→ **WORK ITEM**
Only the lines below from the one containing "Garsoniere Victor Seaview" through the one containing "#Sunday #Spectre #JamesBond60" belong in the answer, repeated exactly and without pictures.

→ **PROVIDED ENTRIES**
***

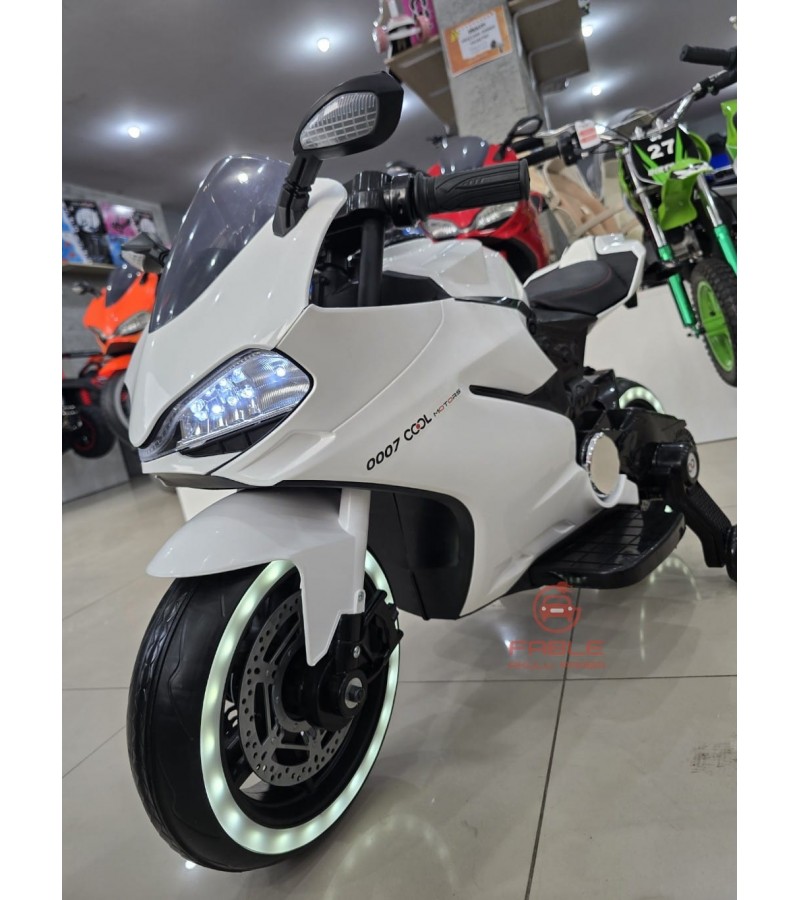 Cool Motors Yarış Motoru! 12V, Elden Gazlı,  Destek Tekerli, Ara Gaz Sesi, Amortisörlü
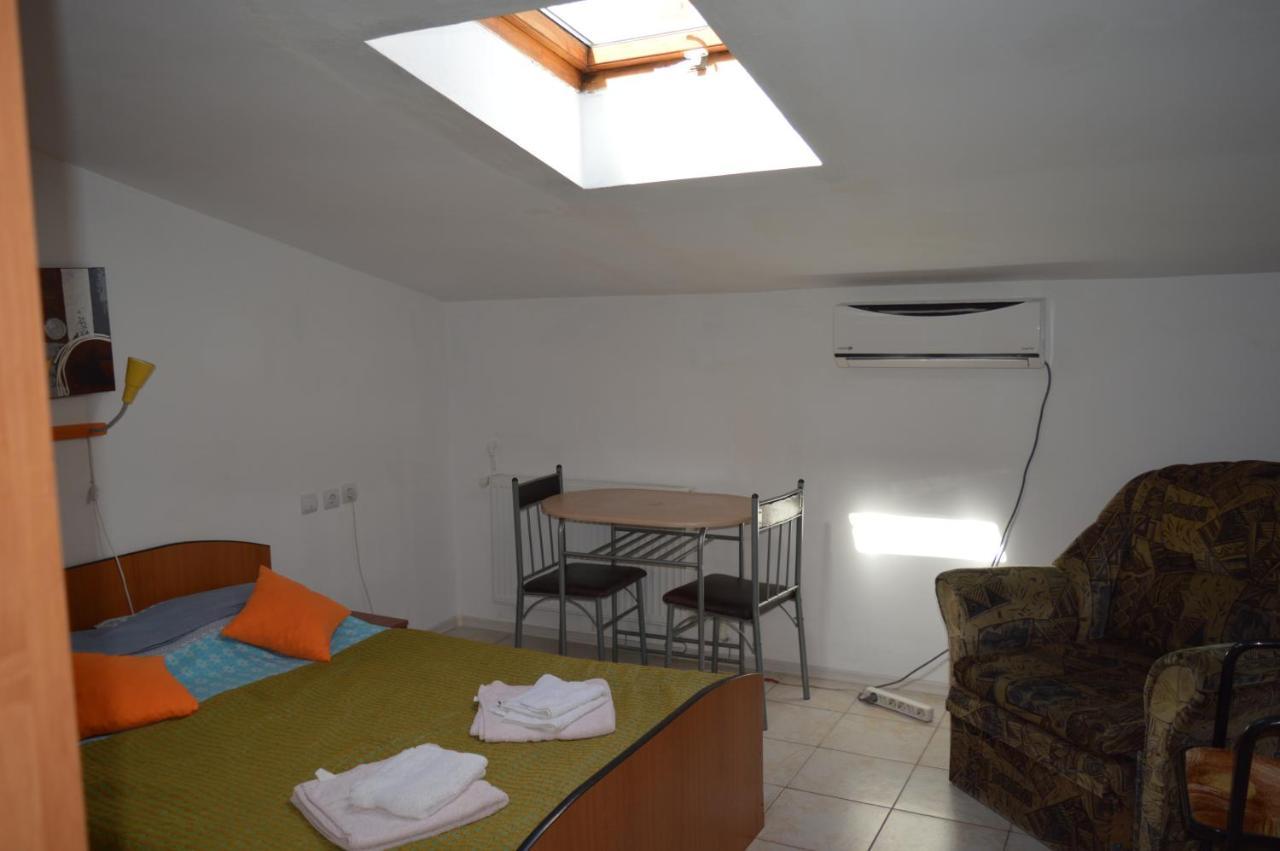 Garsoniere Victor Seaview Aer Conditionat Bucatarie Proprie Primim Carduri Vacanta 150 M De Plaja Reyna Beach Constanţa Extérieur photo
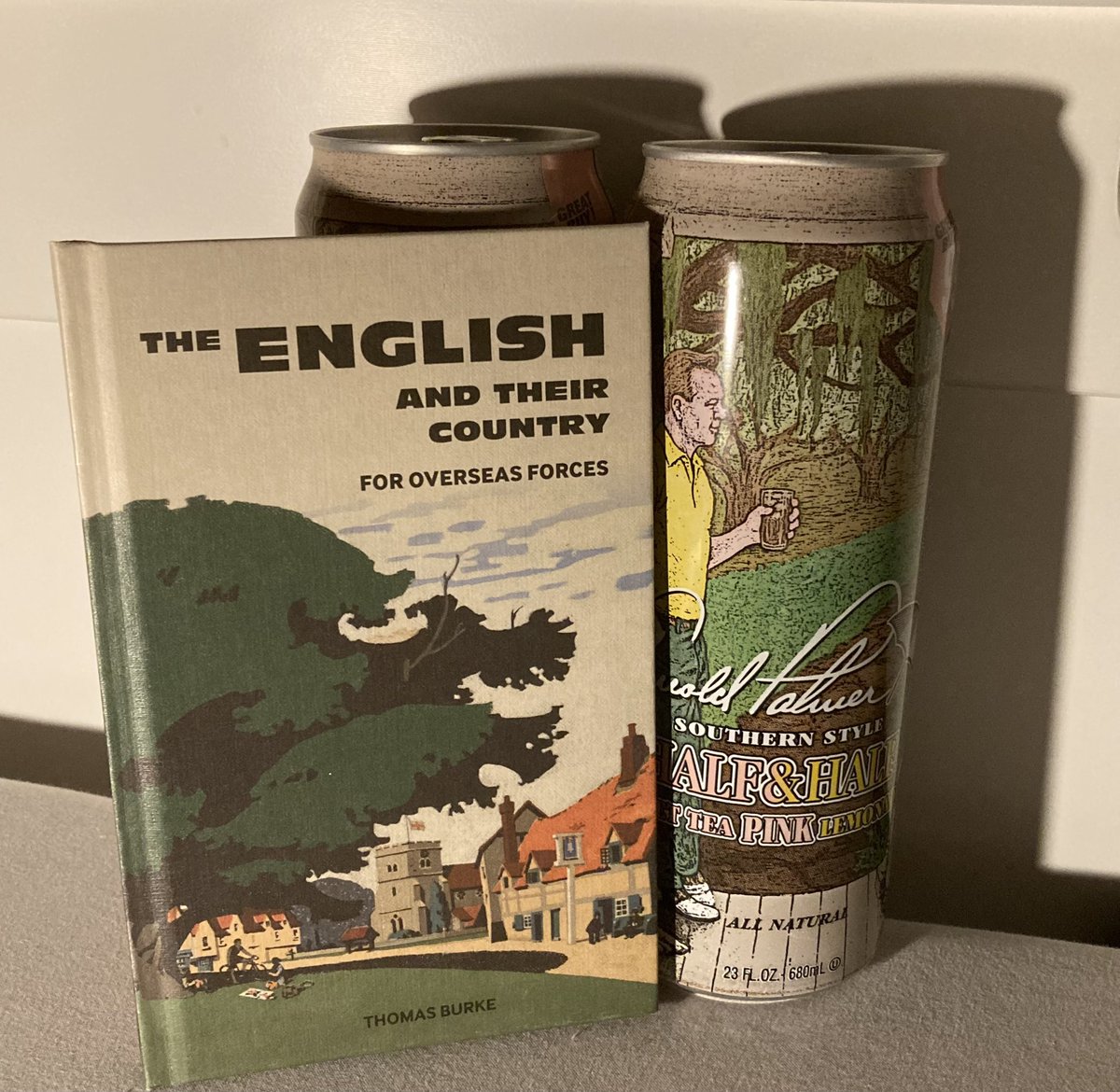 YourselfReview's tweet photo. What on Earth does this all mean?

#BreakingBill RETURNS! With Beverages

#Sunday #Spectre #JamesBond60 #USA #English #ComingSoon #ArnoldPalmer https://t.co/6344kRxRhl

***

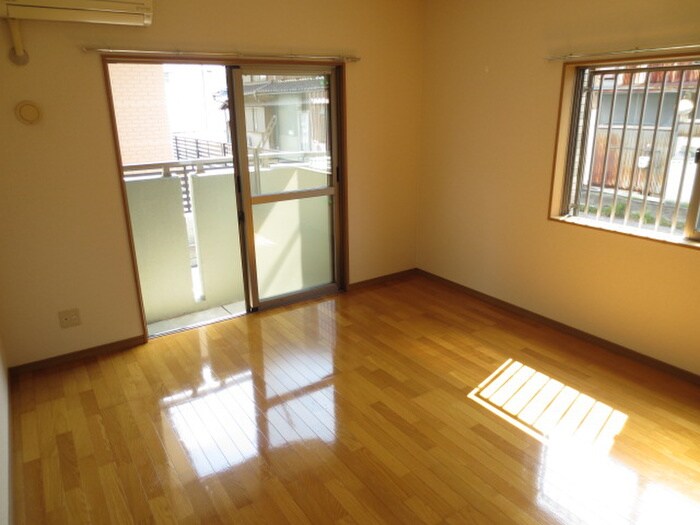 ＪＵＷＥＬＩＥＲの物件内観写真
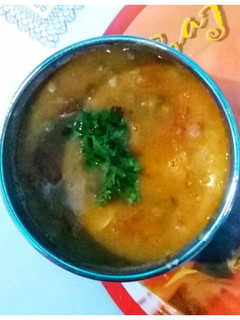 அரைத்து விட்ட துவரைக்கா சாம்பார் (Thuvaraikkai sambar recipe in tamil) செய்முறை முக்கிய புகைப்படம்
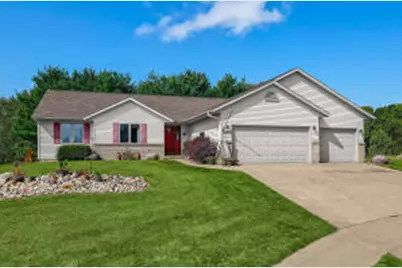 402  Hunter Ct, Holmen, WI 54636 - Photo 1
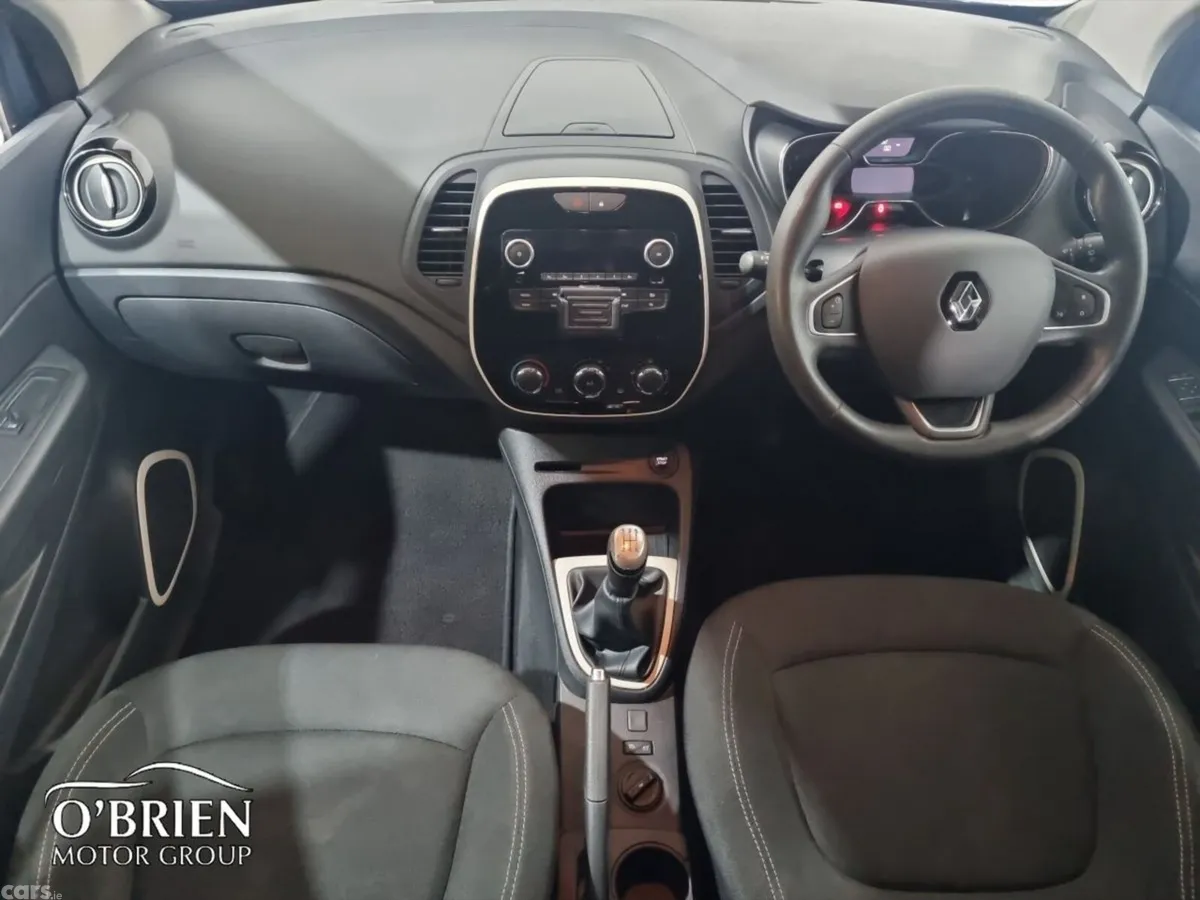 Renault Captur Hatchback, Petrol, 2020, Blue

***

→ **OUTPUT FOR THIS TASK**
 Garsoniere Victor Seaview Aer Conditionat Bucatarie Proprie Primim Carduri Vacanta 150 M De Plaja Reyna Beach Constanţa Extérieur photo
 YourselfReview's tweet photo. What on Earth does this all mean?

#BreakingBill RETURNS! With Beverages

#Sunday #Spectre #JamesBond60 #USA #English #ComingSoon #ArnoldPalmer https://t.co/6344kRxRhl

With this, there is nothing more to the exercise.